ASB senior economist Mark Smith, however, thinks not. He's picking a drop to 5.2%.
"We expect the [fourth quarter] labour market data to confirm we have passed the turning point for the labour market," he said.
"Employment is expected to register its strongest growth in around 2 years, although numbers are still more than 30,000 shy of late 2023 peaks. Increases in the working age population and an increase in labour force participation from 5-year lows should generate the first climb in annual labour force growth in more than a year. In combination, this should result in the Q4 unemployment rate actually falling for the first time in four years, although at 5.2% it remains well above the 4-4.5% Goldilocks zone," Smith said.
"Labour cost growth is expected to remain slightly above the midpoint of the 1-3% inflation target band. But, with the demand for labour stirring and spare labour market capacity eroding, conditions are in place that will see a pick-up in wage inflation over 2026. Reducing labour market slack suggests the need to normalise OCR settings. We expect a 25bp hike in December and a 3.0% OCR endpoint, but note the risks are pointing to a larger and more frontloaded pace of OCR hikes.
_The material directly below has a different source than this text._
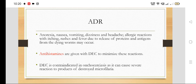To minimize allergic reactions, we give antihistaminics along with DEC. DEC is contraindicated in onchocerciasis, as it can cause severe reactions to the products of destroyed microfilaria.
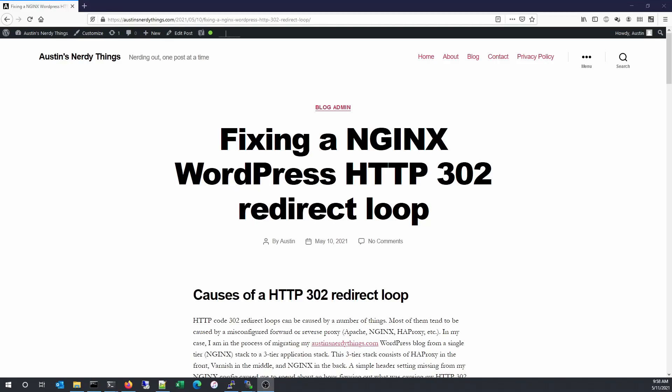Hey YouTube, this is Austin with Austin's NerdyThings.com. Today I'd like to show you how to fix an Nginx WordPress HTTP 302 code redirect loop.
A peak, but not yet a fall
Westpac senior economist Michael Gordon does believe the unemployment rate has peaked, but doesn't see it dropping yet and has picked the figure to stay at 5.3%.
"We think the unemployment rate is at its peak for this cycle, if not very close to it. As lower interest rates help to drive a pickup in activity over 2026, we expect unemployment to come down as well, albeit not that quickly at first. The September quarter saw a strong lift in hours per worker, and indeed that’s where we’d expect to see the initial response to an economic upturn – employers have scope to get more out of their existing workers, before resorting to new hiring. We’re forecasting the unemployment rate to be only slightly below 5% by the end of this year."
Gordon thinks that given "the unusual volatility" of the GDP figures in recent times, the RBNZ will be looking more to the labour market data to gauge the degree of spare capacity in the economy.
"While next week’s results are unlikely to drive the OCR decision itself at the February MPS – an on-hold decision looks very likely – they will have a bearing on what the RBNZ is prepared to signal in terms of the timing and extent of future rate hikes."
ANZ senior economist Miles Workman is also picking 5.3%.
"Overall, the Q4 labour market data are expected to show that the economy is still operating with a considerable degree of spare capacity, indicating little risk of wage growth becoming a renewed source of CPI inflation pressure any time soon," he said.
"However, despite the unemployment rate holding up in Q4, the details should signal that labour market conditions are gradually improving, with positive employment growth, a stabilisation in the participation rate, and a continued recovery in hours worked. Looking forward, typical lags between economic activity and the unemployment rate suggest the unemployment rate should gradually decline over 2026."
So, there we have it. Things appear to be improving, albeit slowly, in the economy. And whether that improvement will flow through fast enough to the labour market for us to see a drop in the unemployment rate in the data out on Wednesday, well, we shall have to wait and see.